“the experience is the brand” is a phrase often used to describe how a customer’s experience with an organization will influence their perception of the brand. But I see the customer experience as being a culmination of brand building activities, it is the point at which a customer has decided they trust your company enough to engage in some kind of trial behavior, in other words, even before the customer experience’s your organizations products and services they have established some kind of expectation in their mind. And expectation of quality, attitude, performance… experience if you like. So the experience is a culmination of expectation being measured against experience.
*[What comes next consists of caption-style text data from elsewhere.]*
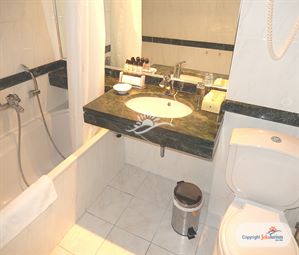 Poze Hotel DIVANI CORFU PALACE CORFU GRECIA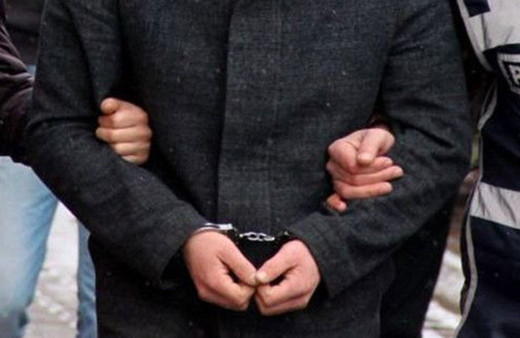 Pirinç tarlasında yakalanan 7 FETÖ şüphelisi hakkında karar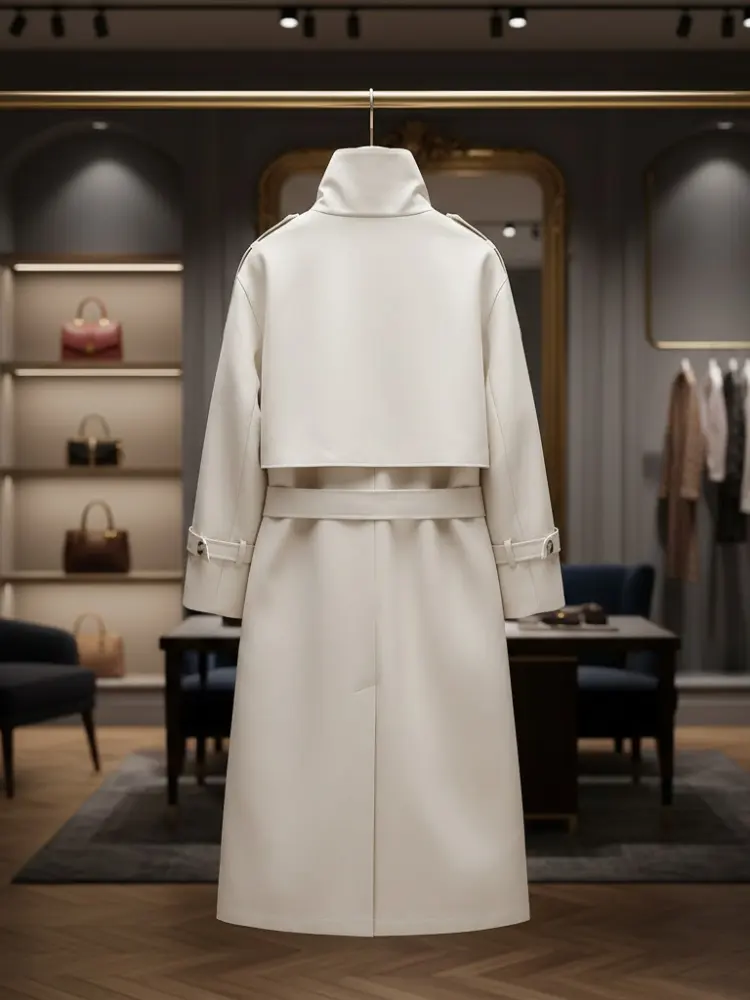 Women's Jacket GRAND STREET Prêt-à-Porter Colecction BYMANYC ® New York by BYMANYC ® New York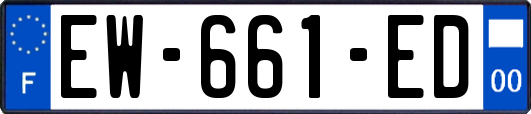 EW-661-ED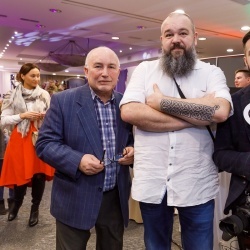 Wedding Day EXPO Latvija 2020-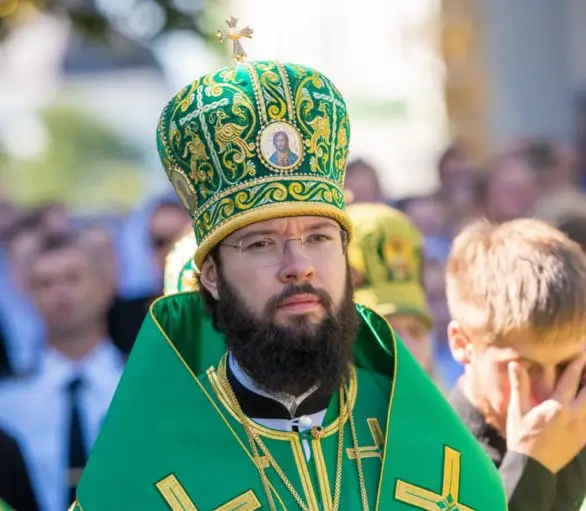 Митрополит Русской Церкви впервые выступил на заседании Совбеза ООН по Украине
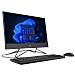[Ricondizionato GOLD] All-In-One 200 G4 AiO Monitor 21,5" Full HD Intel Core i3-1215U 4,4 GHz Ram 4GB SSD da 256GB 2x USB-A 2.0, 2x USB-A 3.1 Windows 10 Pro - Foto miniatura 3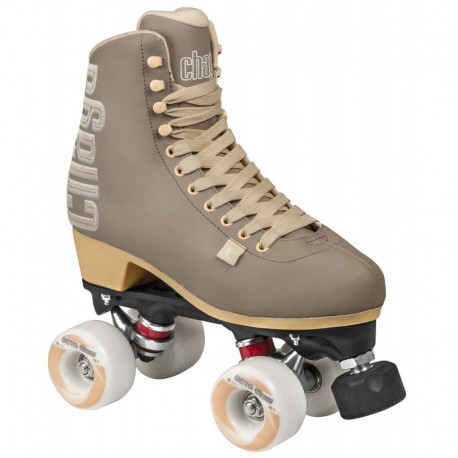 Quad skates Chaya Fashion Warm Sand 2018 - Rollerskates
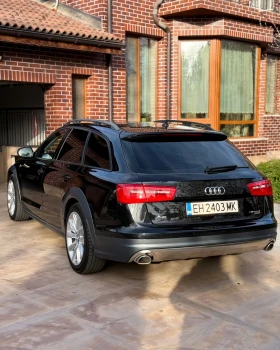 Audi A6 Allroad Audi A6 3.0 Bitdi (313кс) - 27300 лв. / 13958.27 € - 84526481 5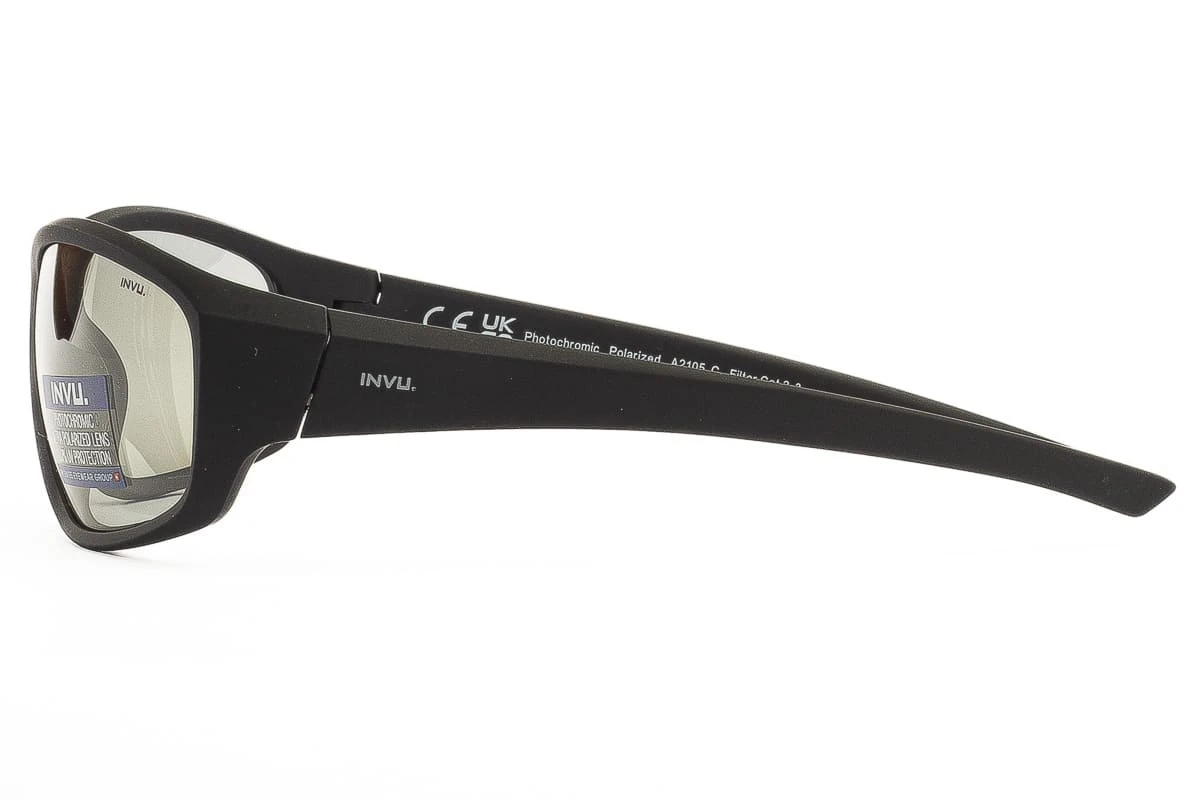 Occhiali Da Sole INVU A2105 C Photochromic 3 Occhiali Da Sole INVU A2105 C Photochromic - immagine 3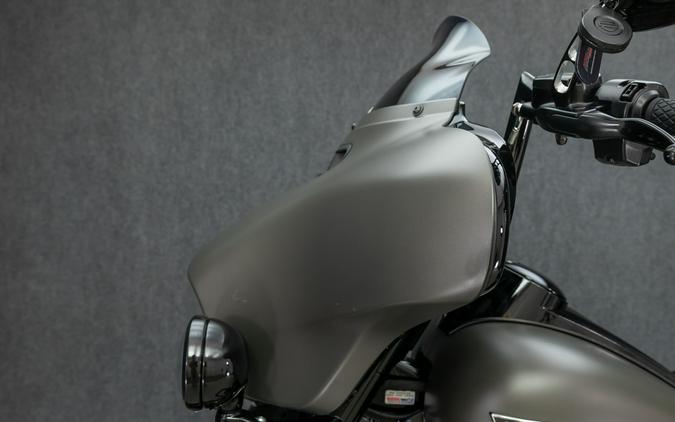 2019 HARLEY DAVIDSON FLHXS STREET GLIDE SPECIAL W/ABS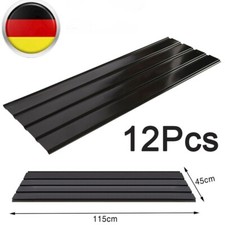 12x Profilblech 6m²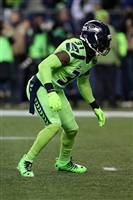 Kam Chancellor Tank Top #3473530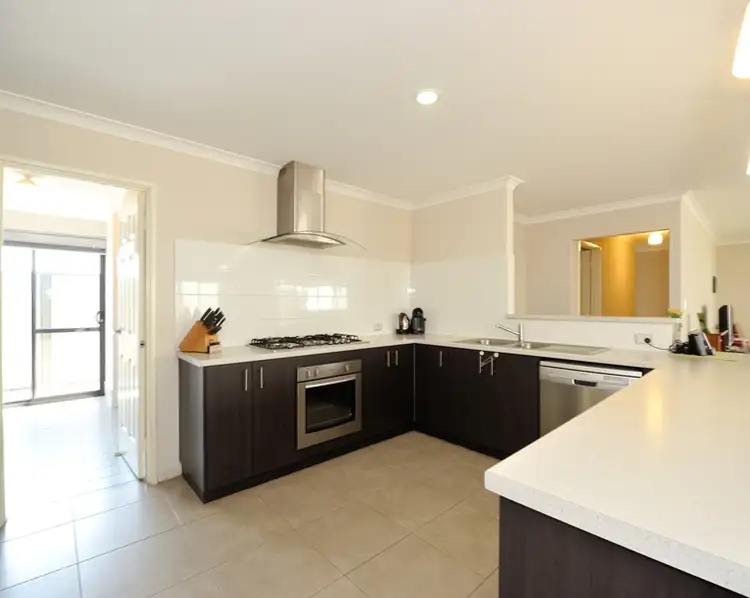 Fourth view of Homely house listing, 6 Westdale Road, Baldivis WA 6171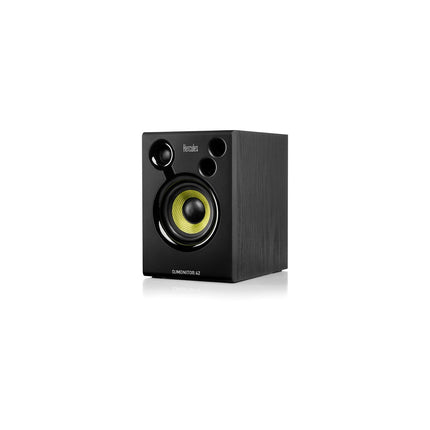 Enceinte bibliothèque HERCULES DJ Monitor 42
This balance between expectation and experience is why I like to think of a brand as a promise, and the customer experience as the fulfillment of that promise. No doubt a customer experience that veers wildly from it’s brand promise will erode my belief in that brand promise pretty quickly. Companies that promise one thing through their advertising and branding and badly let us down through the customer experience are undermining a huge investment and one of their most valuable assets. The difference between a brand promise and the actual customer experience is the “experience gap”, and that will erode your brand equity faster than anything else, no one likes to be promised one thing and delivered another.
Any company that wants to establish a customer experience strategy must do it with a full and realistic evaluation of what their brand stands for and what their brand promise is. Any company that fails to align their customer experience strategy with their brand strategy will be in danger of creating an “experience gap” that will erode any brand equity they have built in the marketplace.